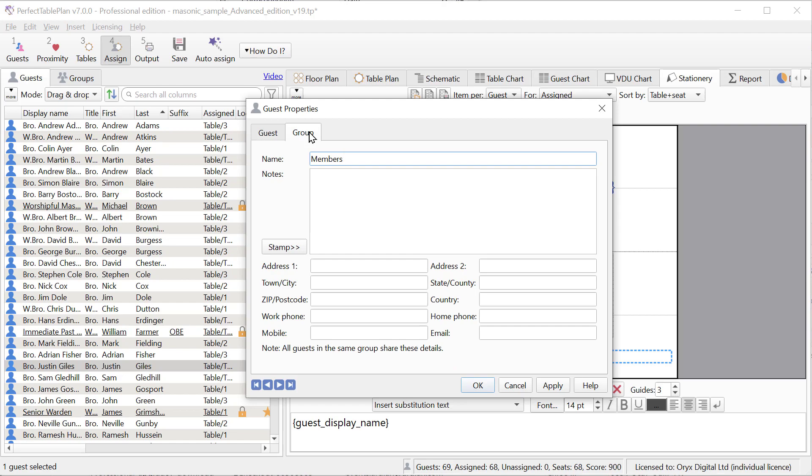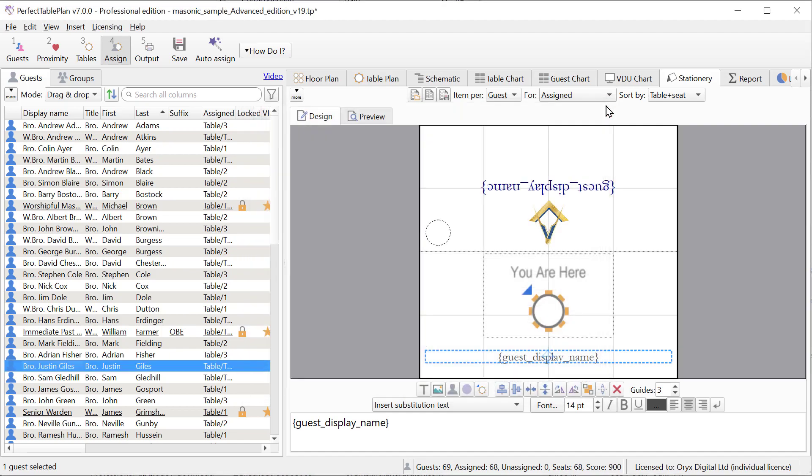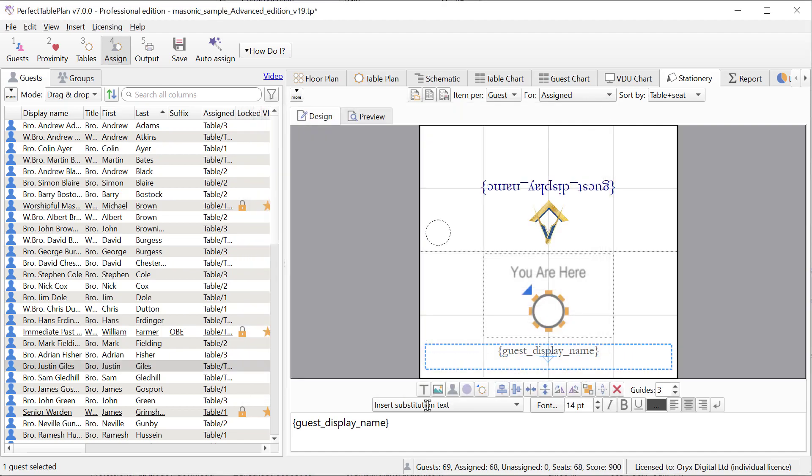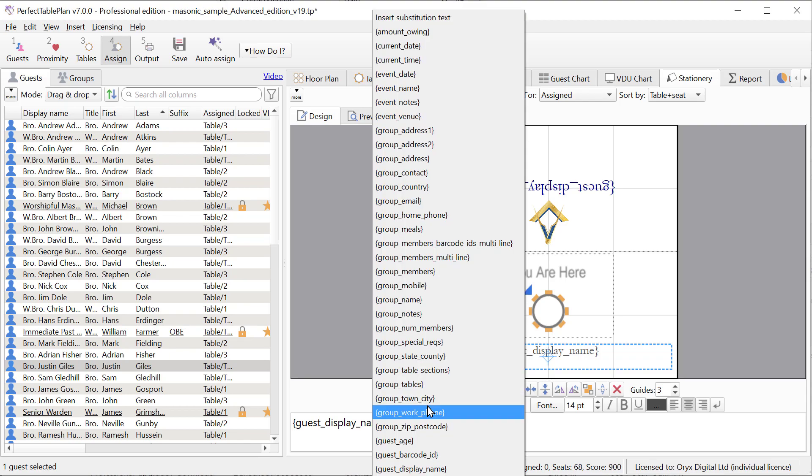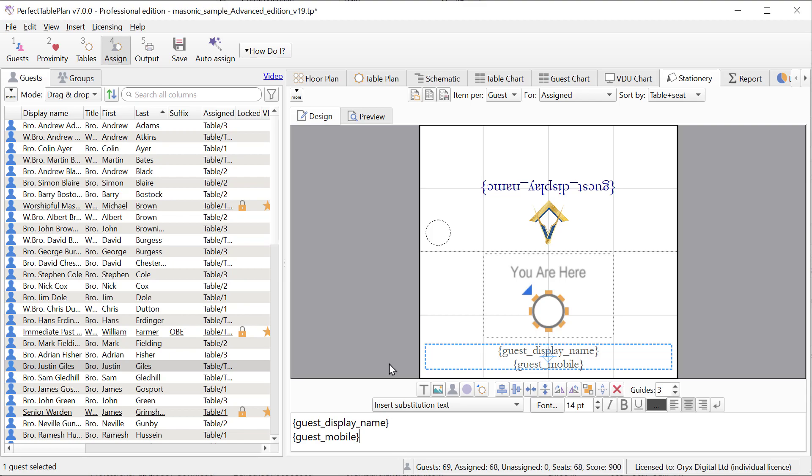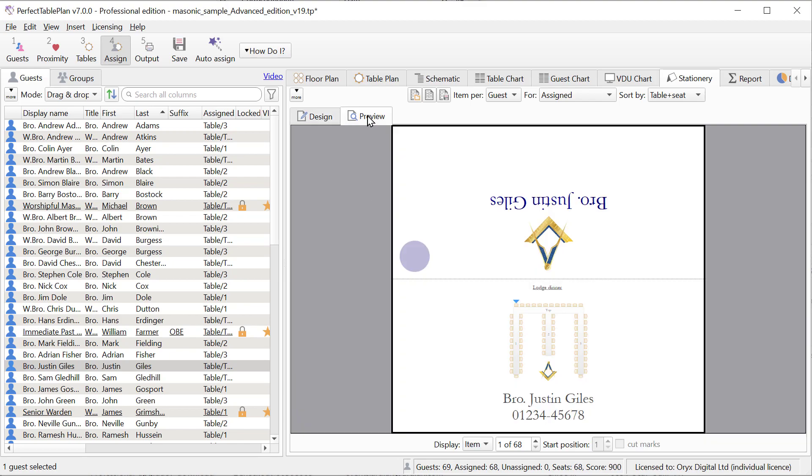These are in addition to the contact details shared with the rest of the group. You can use these guest contact details in the stationery pane. Let's add the guest mobile number to the stationery. You can import and export these guest contact fields.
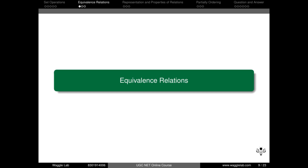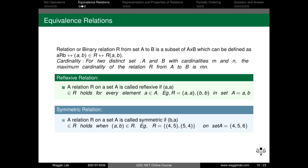Now we move to equivalence relations. A binary relation from set A to set B is a subset of A cross B. A cross B represents all possible ordered pairs between elements of A and B. For example, A equals {2, 3, 4} and B equals {3, 4, 5}. A relation R is any subset of A cross B.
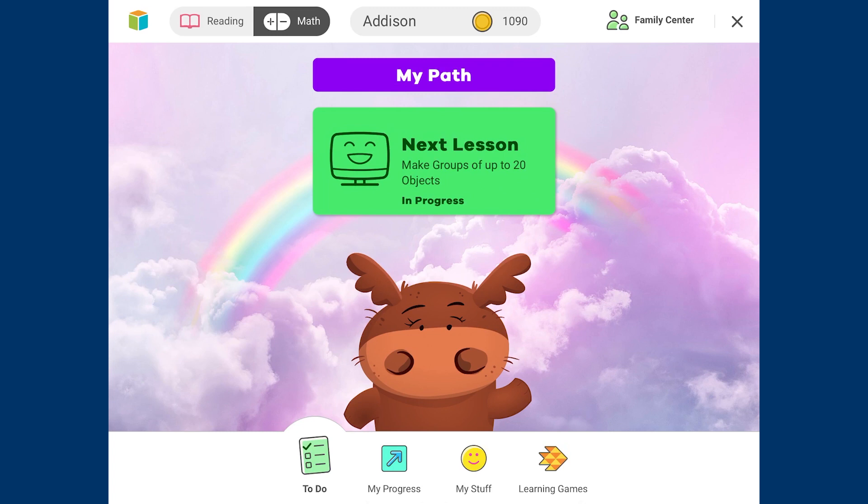We hope this helps you in getting work completed in iReady through the Clever App Portal. All the best to you in completing all this work.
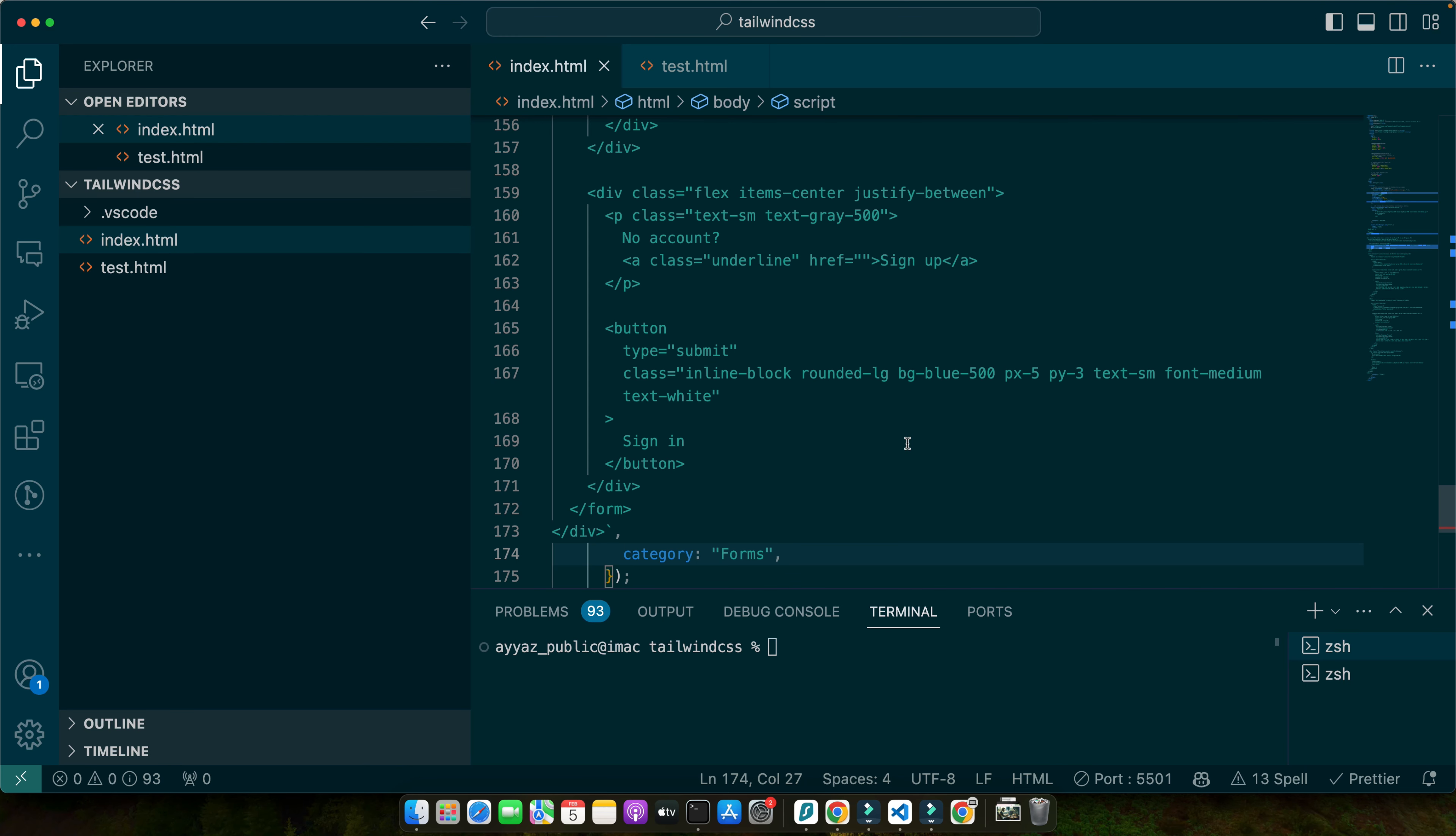These are just a few examples of how you can leverage GrapeJS events and scripting to add interactivity to your components while using Tailwind's modular classes for dynamic styling. The possibilities are endless and you can create complex interactive designs using this powerful combination.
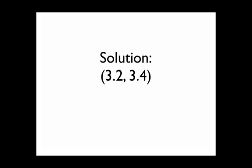The answer you should have gotten is 3.2, 3.4.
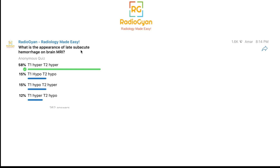Today we are going to discuss the appearance of hemorrhage on MRI specifically. Recently I posted a question on our Telegram video channel about the appearance of late subacute hemorrhage on brain MRI. We did get quite a few responses — almost 60% got it right, but around 40% didn't, so it's often confusing.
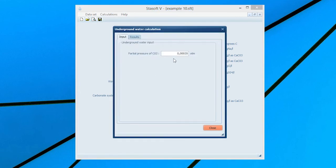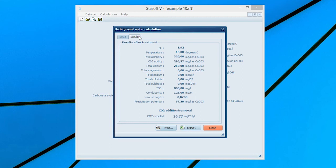Enter the partial pressure of carbon dioxide in the air by typing 0.00035 or accepting the default value into the Partial Pressure of Carbon Dioxide input box. Selection of the Results menu option will bring the Results After Treatment window onto the screen with values of the state of the water and the amount of carbon dioxide lost or gained by the water after equilibrium with the air has been attained.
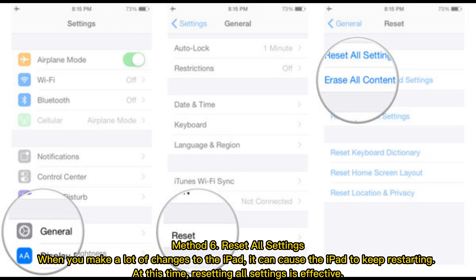Method 6: Reset all settings. When you make a lot of changes to the iPad, it can cause the iPad to keep restarting. At this time, resetting all settings is effective.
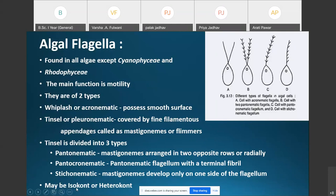The flagella may also be isocont or heterocont. Isocont means the flagella are of equal length, while heterocont means the flagella are of unequal size. The algal flagellum is an important character used for the classification of algae.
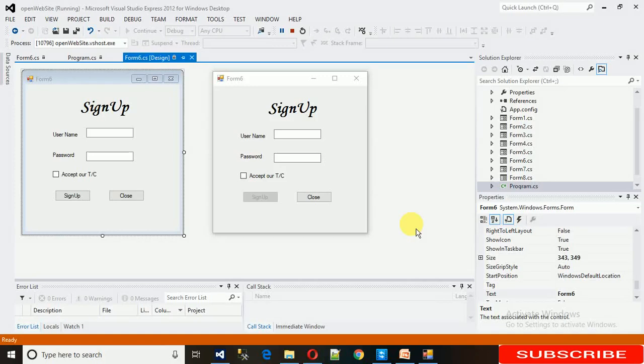Hello everyone, welcome to my YouTube channel. Today I'm going to show you how to remove the minimize, maximize, and close buttons.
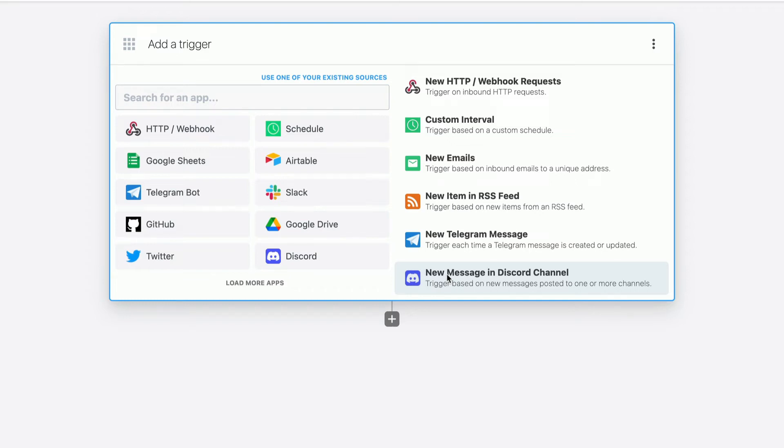I'm going to quickly teach you how you can use PipeDream to listen to new reactions on Slack messages and then look up the actual message content using PipeDream.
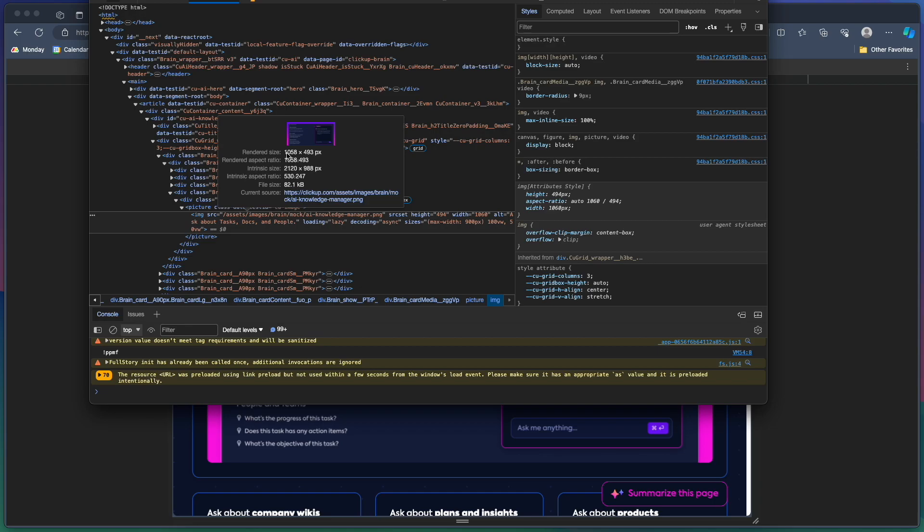You'll see it shows you the rendered size of the image, which in this case is 1058 by 493 pixels. And then it shows you the intrinsic size. So this is the actual size of the file on the server, 2,120 pixels by 988 pixels.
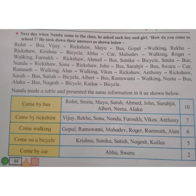Students who come by bus: Rohit, Smita, Maya, Sara, Ahmed, John, Sarabjit, Albert, Neeta and Alka — that means 10 students come by bus. Students who come by rickshaw: Vijay, Sonu, Nandu, Faruk, Vikas and Anthony — total 7 children come by rickshaw.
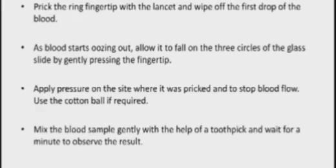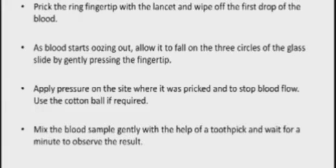Gently mix the sample with the help of a toothpick and wait for a minute to observe the result. You must use three separate toothpicks — one for mixing the solution in A, one for B, and one for D. If you use the same toothpick, there would be mixing and your result will not be observed properly.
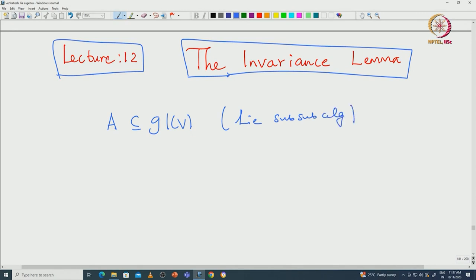The reason I want to restrict to this situation is that I want all the elements of capital A acting on this capital V. We will see later that the notion I am going to define now — called weights — can be defined even for any representation of any arbitrary Lie algebra.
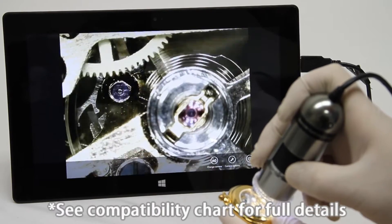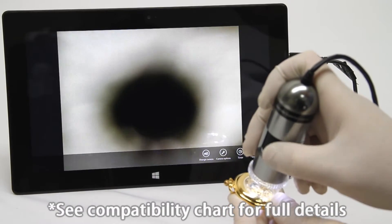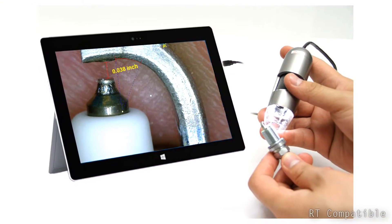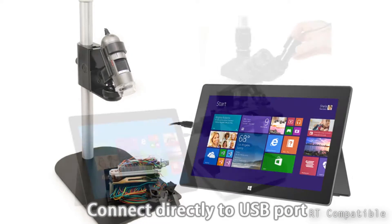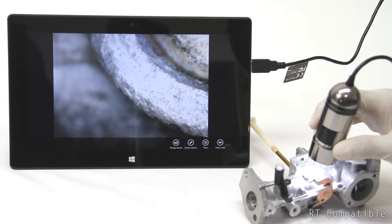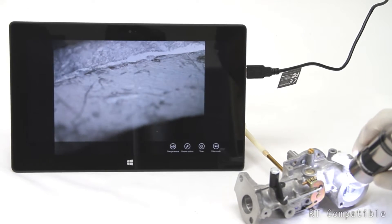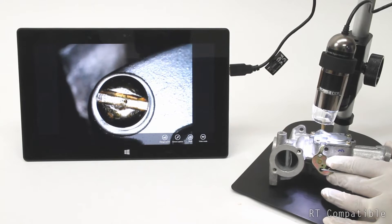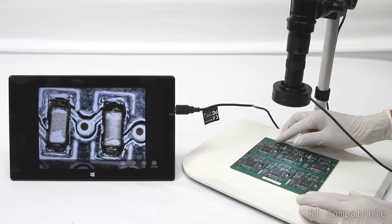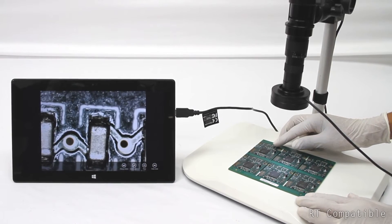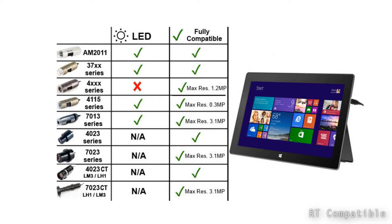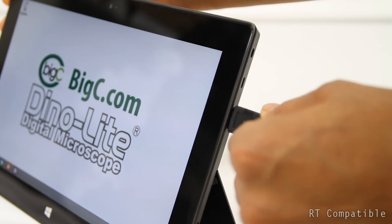Dynolite USB digital microscope cameras are compatible with Windows RT tablets. Users can perform live viewing and inspections with the ability to capture images and video. This is the compatibility chart for Dynolite devices and Windows RT tablets.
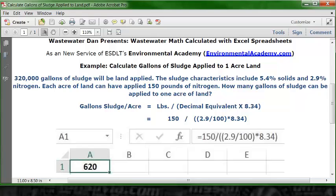The formula reads: equal sign, 150, division key, two open parentheses, 2.9, division key, 100, close parentheses, multiplication sign, 8.34, second close parentheses — then hit Enter or Return, and we will have a number in A1.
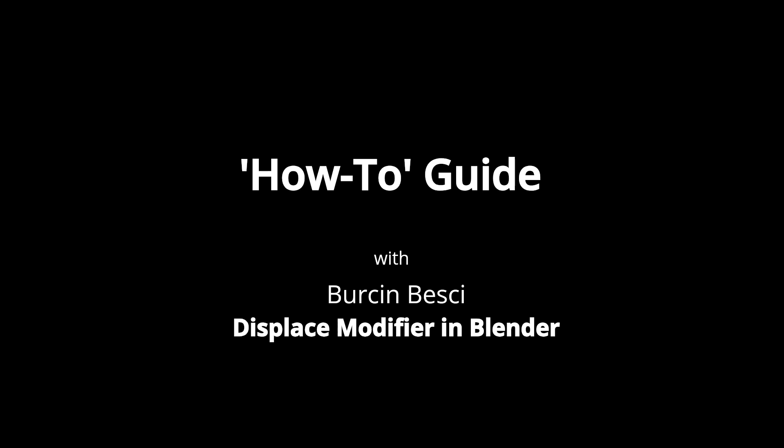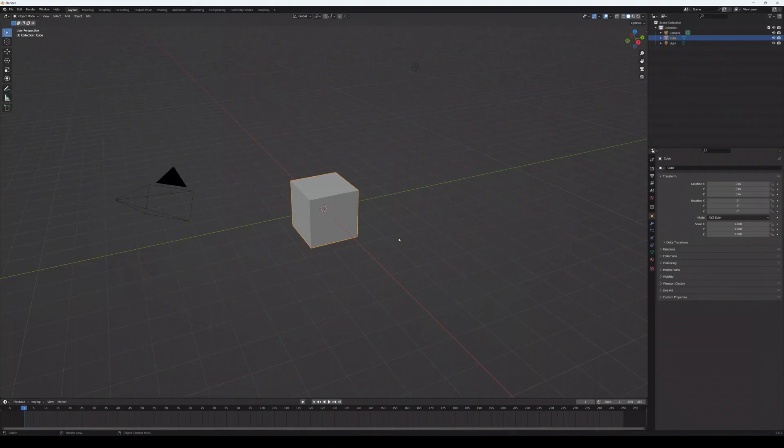In this video I will talk about how to use the displace modifier in Blender.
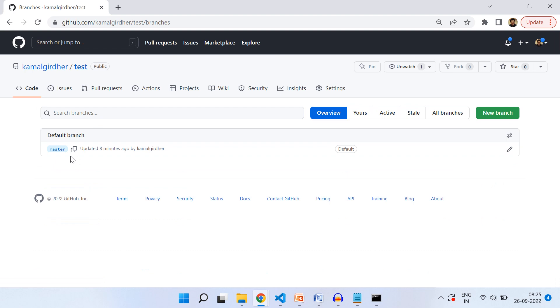However, the branch still stays on local. In the next video, we'll see how to delete this branch from our local repository.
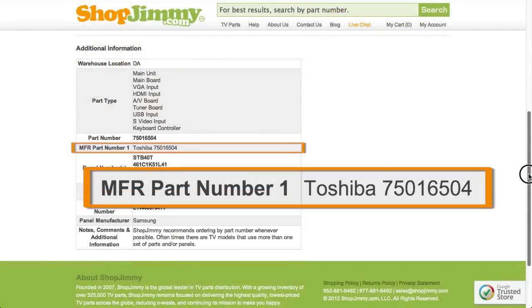Typically, the manufacturer part number is 8 digits long and begins with 75. The manufacturer part number can be found in TV service manuals, but is not printed anywhere on the board.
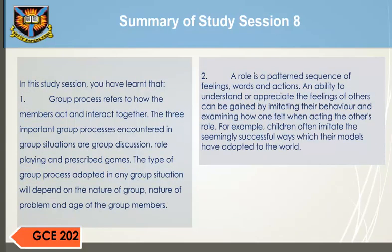Summary of study session. In this study session, you have learned that: 1. Group process refers to how the members act and interact together. 2. The three important group processes encountered in group situations are group discussion, role-playing, and prescribed games. 3. The type of group process adopted in any group situation will depend on the nature of the group, nature of the problem, and age of group members. 4. A role is a pattern sequence of feelings, words, and actions. An ability to understand or appreciate the feelings of others can be gained by imitating their behavior and examining how one felt when acting the other's role. For example, children often imitate the seemingly successful ways which their models have adopted to the world.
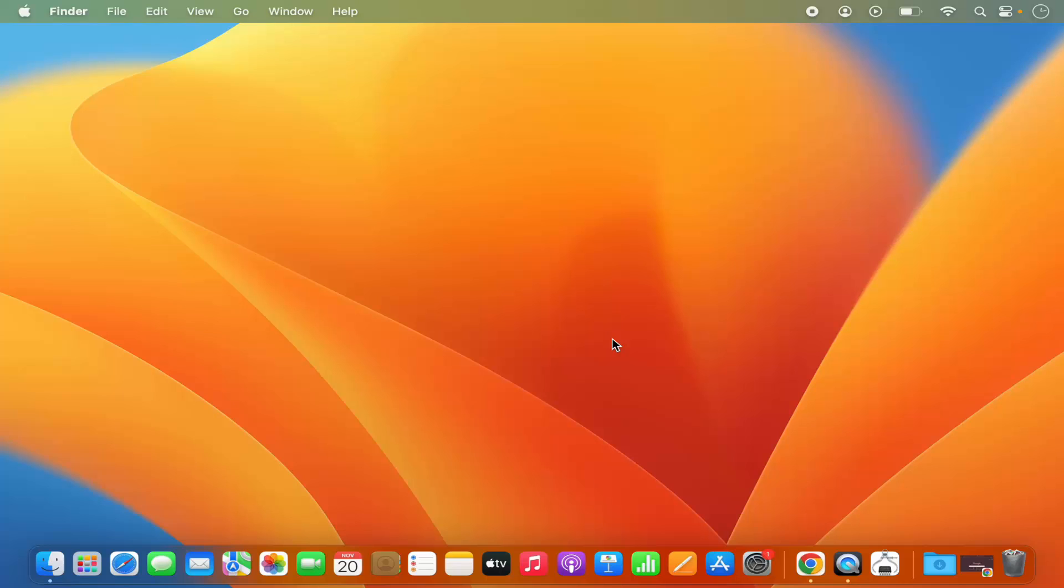Hey guys, in this video I'm going to show you how you can view the Bluetooth icon on your menu bar on top of your Mac operating system.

» AIM OF THE EXERCISE
Give back exactly, and solely, the section of the data above bounded by the line containing "Now we move" and the line containing "Enter the partial", both bounding lines included and pictures omitted.

» WRITTEN SOLUTION
Now we move to equivalence relations. A binary relation from set A to set B is a subset of A cross B. A cross B represents all possible ordered pairs between elements of A and B. For example, A equals {2, 3, 4} and B equals {3, 4, 5}. A relation R is any subset of A cross B.
We hope this helps you in getting work completed in iReady through the Clever App Portal. All the best to you in completing all this work.
These are just a few examples of how you can leverage GrapeJS events and scripting to add interactivity to your components while using Tailwind's modular classes for dynamic styling. The possibilities are endless and you can create complex interactive designs using this powerful combination.
The answer you should have gotten is 3.2, 3.4.
Today we are going to discuss the appearance of hemorrhage on MRI specifically. Recently I posted a question on our Telegram video channel about the appearance of late subacute hemorrhage on brain MRI. We did get quite a few responses — almost 60% got it right, but around 40% didn't, so it's often confusing.
Enter the partial pressure of carbon dioxide in the air by typing 0.00035 or accepting the default value into the Partial Pressure of Carbon Dioxide input box. Selection of the Results menu option will bring the Results After Treatment window onto the screen with values of the state of the water and the amount of carbon dioxide lost or gained by the water after equilibrium with the air has been attained.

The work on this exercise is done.